Reality Check verdict: The Court of Auditors has signed the EU accounts every year since 2007, while pointing out that EU countries, once they receive the EU funds, misuse about 4.4% of the total budget.
At Prime Minister's Questions, Shipley MP Philip Davies supported David Cameron's comments about Nigeria and Afghanistan being corrupt and asked: "Can he tell us where he has the European Union in his league table of corruption given they haven't had their accounts signed off for 20 years."
The EU's accounts are scrutinised by the Court of Auditors, which checks whether they correctly reflect the spending of the EU budget.

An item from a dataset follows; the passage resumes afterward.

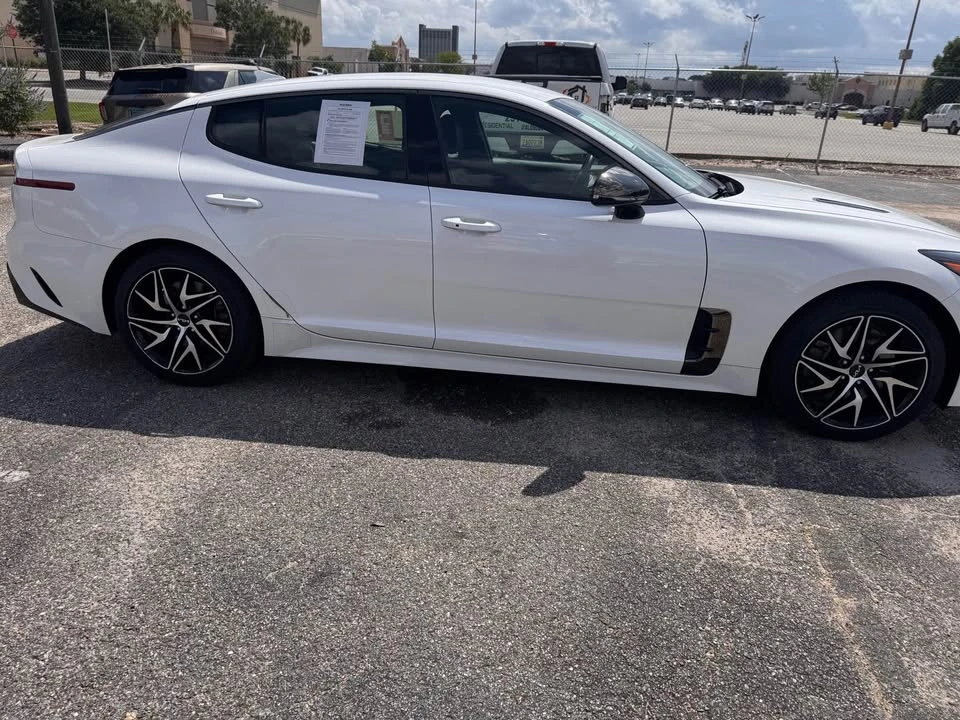 2023 Kia Stinger - Image 5 of 10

The latest report, external, published in 2015 for accounts in 2014, explicitly said that the auditors were "signing off the accounts" as they have done every year since 2007.
The Court did point out that some of the funds - 4.4% of the total in 2014 - were not used in accordance with the EU rules. But it stressed that this "is not a measure of fraud, inefficiency or waste", but money that: "should not have been paid out because it was not used in accordance with the applicable rules and regulations".
The auditors said typical cases involved roads or airports that attracted insufficient traffic.
'Poor value for money'
It is important to stress that around 80% of the EU budget is managed by member states themselves, and not by EU institutions. The EU transfers funds to the national treasuries and then the countries themselves decide which projects to spend the money on. The auditors have called on EU countries to take more care in their spending.
In 2014, the court found that €666m (£524m) from the EU fund that is given to countries to finance projects in underdeveloped areas, was "poor value for money". Poland, for example, built three airports, in Lodz, Rzeszow and Lublin, which have received more than €100m of EU funding, but which have not attracted enough customers to keep them in business.
In 2012, a mountain lift was constructed in the Sicilian village of Sutera, to improve access to a mountain monastery to attract tourism. The project reportedly received around €2m of EU regional development money. However, due to high operating costs, the lift has never been in use.
There are UK-based examples too. In 2008, the Canolfan Cywain rural heritage centre opened in Gwynedd, Wales, after it received £900,000 from the EU structural development fund. It ran into financial difficulties in September 2011 and closed a year later.
On 28 April 2016, the House of Commons Public Accounts Committee called on the UK government to improve how it spends EU funds.
The committee found that UK departments contribute "additional complexity" to the implementation of EU programmes, especially agricultural and rural development ones, which also drives up errors. The errors have cost the UK government "at least £650m" in penalties, to the European Commission, over the past decade.
Detecting fraud
If the auditors do suspect corruption, they pass the cases to OLAF, the EU's anti-fraud office, external. According to the latest figures provided by the Commission, fraud affects 0.2% of the EU's annual spending. The estimated cost of fraudulent irregularities was €248m in 2013.
For comparison, the UK National Audit Office says fraud across UK government was equivalent to only 0.02% of total expenditure: it ranged from £27.5m to £72.9m, depending on the source, from a total expenditure of £306bn.
OLAF says it completed 3,500 investigations, which led to the recovery of more than €1.1bn for the EU budget and a total of 900 years of prison sentences since 1999.
A separate NAO report estimated that the Department for Work and Pensions' fraud and error rate was 1.9% and HMRC's was 4.4% on its spending on benefits and tax credits in 2013-14. The report does not say how much was due to fraud and how much was due to error.